Now you can start adding one cup of flour and one cup of water during your feedings. You will feed the first full feeding without discarding, but after that, you will need to discard one to one-and-a-half cups each time and add back equal amounts of flour and water. In the beginning, it will encourage a very active starter if you do this daily or every couple of days. After four to six weeks, you will have a mature starter that you can feed just once a week, which can make a delicious sandwich loaf without any added yeast. Before it’s mature, you can still make lots of yummy loaves of bread that don’t require such a high rise.

SOURDOUGH PIZZA CRUST

  • 1 1⁄2 cups sourdough starter
  • 1 1⁄2 cups cool water
  • 3-5 cups flour
  • 1 tablespoon raw sugar
  • 2 tablespoons olive oil
  • 2 teaspoons sea salt

Mix together the sourdough starter and water.
Then add two cups of flour and sugar. Mix well and let sit covered for an hour. Then add in oil, salt, and enough flour to form a thick dough. Either knead in an electric mixer or by hand for two minutes adding flour as needed. Remember, it’s easier to add in flour if it’s too wet, but harder to add moisture if it’s too dry. Sourdough is a stickier dough and benefits from not adding too much flour.

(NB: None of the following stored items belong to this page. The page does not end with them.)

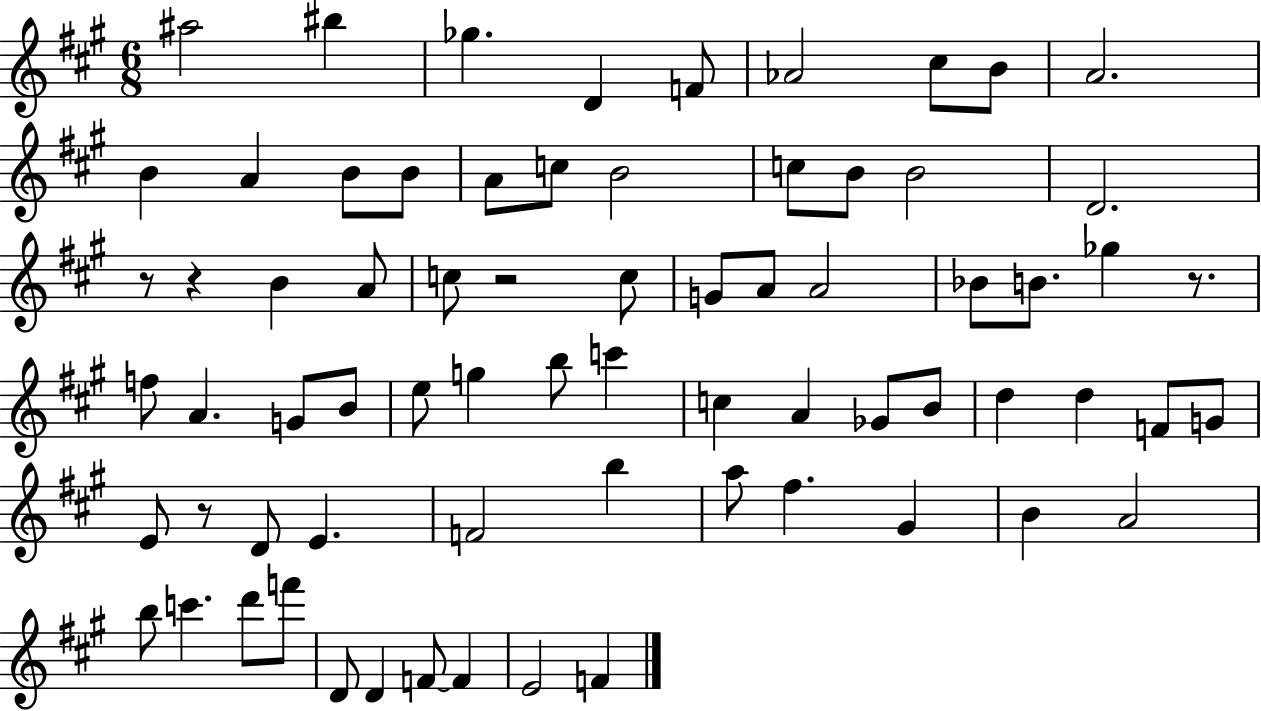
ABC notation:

X:1
T:Untitled
M:6/8
L:1/4
K:A
^a2 ^b _g D F/2 _A2 ^c/2 B/2 A2 B A B/2 B/2 A/2 c/2 B2 c/2 B/2 B2 D2 z/2 z B A/2 c/2 z2 c/2 G/2 A/2 A2 _B/2 B/2 _g z/2 f/2 A G/2 B/2 e/2 g b/2 c' c A _G/2 B/2 d d F/2 G/2 E/2 z/2 D/2 E F2 b a/2 ^f ^G B A2 b/2 c' d'/2 f'/2 D/2 D F/2 F E2 F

After it’s smooth, coat in olive oil and place in a covered bowl to ferment. If possible, allow eight hours, but if you can’t wait, you can roll it out and use it after an hour. It’s perfect to do this the night before and bake for breakfast or lunch or mix it up in the morning and have it for supper.

Now it’s time to roll out the dough onto greased pizza stones, iron skillets, or pizza pans. (This makes two large thin crusts or two smaller thick crusts.) Cover with sauce, cheese, and toppings and bake at 420 degrees F for 20 minutes or until golden. You’ll never go back to regular pizza crust after this!

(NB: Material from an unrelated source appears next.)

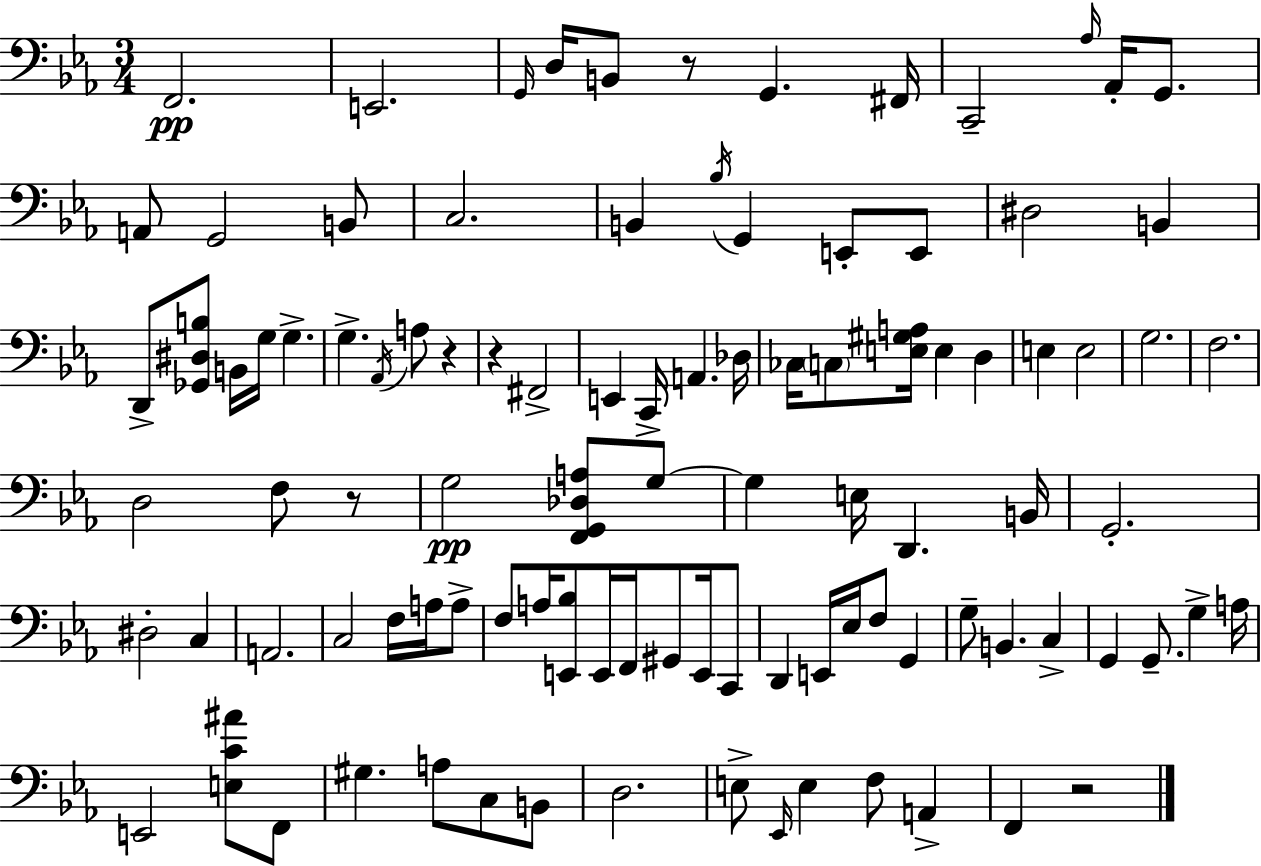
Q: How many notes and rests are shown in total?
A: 100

You can also use a sourdough from scratch starter in place of milk in biscuits or pancakes. Simply add the starter in where it calls for milk. Add the baking powder or starter right at the end because it will cause a tremendous rise when it reacts together (because of the acidity), and you want that to happen when it is going in the oven or pan, not sitting on the counter. For the perfect sandwich bread, you need your mature starter. You can make this before your starter is mature, but it won’t rise much.

  • 1 1⁄2 cups sourdough starter
  • 1 1⁄2 cups water
  • 1 tablespoon raw sugar
  • 1⁄4 cup olive oil
  • 3-5 cups flour
  • 2 teaspoons salt

A word on ingredients here — I use freshly ground 100% whole wheat Prairie Gold flour, pink Himalayan salt, extra virgin olive oil, raw sugar, and unchlorinated water. Of these, the unchlorinated water is an absolute must, but you can use whatever flour, sweetener, oil, and salt you prefer.

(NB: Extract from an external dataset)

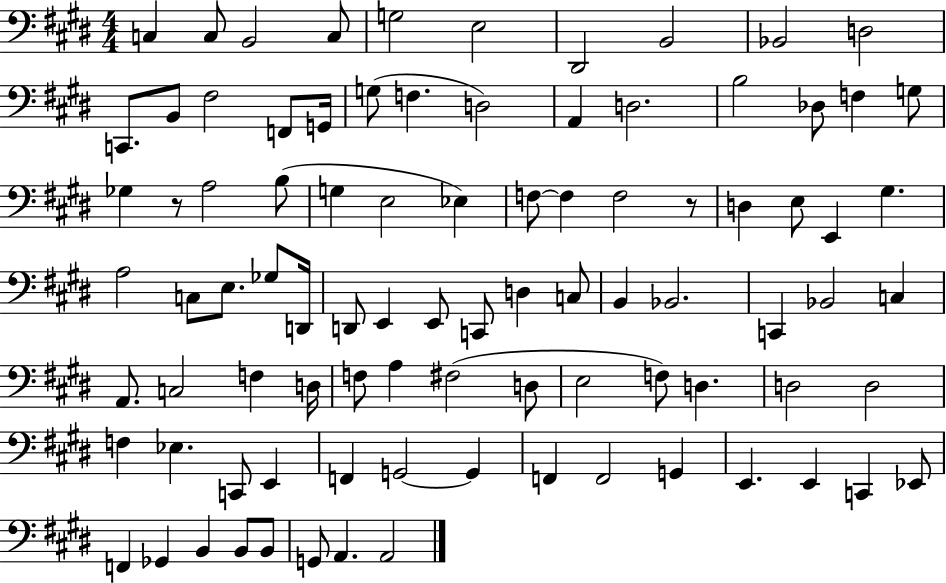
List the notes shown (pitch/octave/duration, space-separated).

C3/q C3/e B2/h C3/e G3/h E3/h D#2/h B2/h Bb2/h D3/h C2/e. B2/e F#3/h F2/e G2/s G3/e F3/q. D3/h A2/q D3/h. B3/h Db3/e F3/q G3/e Gb3/q R/e A3/h B3/e G3/q E3/h Eb3/q F3/e F3/q F3/h R/e D3/q E3/e E2/q G#3/q. A3/h C3/e E3/e. Gb3/e D2/s D2/e E2/q E2/e C2/e D3/q C3/e B2/q Bb2/h. C2/q Bb2/h C3/q A2/e. C3/h F3/q D3/s F3/e A3/q F#3/h D3/e E3/h F3/e D3/q. D3/h D3/h F3/q Eb3/q. C2/e E2/q F2/q G2/h G2/q F2/q F2/h G2/q E2/q. E2/q C2/q Eb2/e F2/q Gb2/q B2/q B2/e B2/e G2/e A2/q. A2/h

Mix your starter and water together. Add in one cup of flour and sugar. Mix well and let sit until bubbly (45-60 minutes). Add in oil, salt, and enough flour to make a thick dough. Knead on bread setting in an electric mixer for two minutes or by hand until smooth. When I use my mixer, I only knead the two minutes, pour my sticky dough onto a floured counter, and knead by hand until smooth. Divide into two pieces. Roll out about an inch thick, then roll up jelly roll-style and tuck in the ends. Place in greased loaf pans, turning to coat with oil, and cover. Let rise in a warm place for eight hours or overnight. Bake in an oven at 385 degrees F for 30 minutes or until golden. I put mine in the cold oven, then turn it on as it seems to help the dough rise more. Brush the tops with melted butter. Allow to sit in the pan for five minutes, then remove to a baking rack to cool. Cool for at least 30 minutes before cutting for your best results. Store in a large plastic bag, aluminum foil, or bread box. It will keep for several days. One of the great things about sourdough from scratch is it allows me to eat bread without digestive problems.

My husband can eat sourdough too, without getting heartburn. I’ve also read that sourdough positively affects blood sugar levels because it slows the release of sugars. For me, it’s a huge time saver, money saver, and it tastes awesome! How can you go wrong with food like that?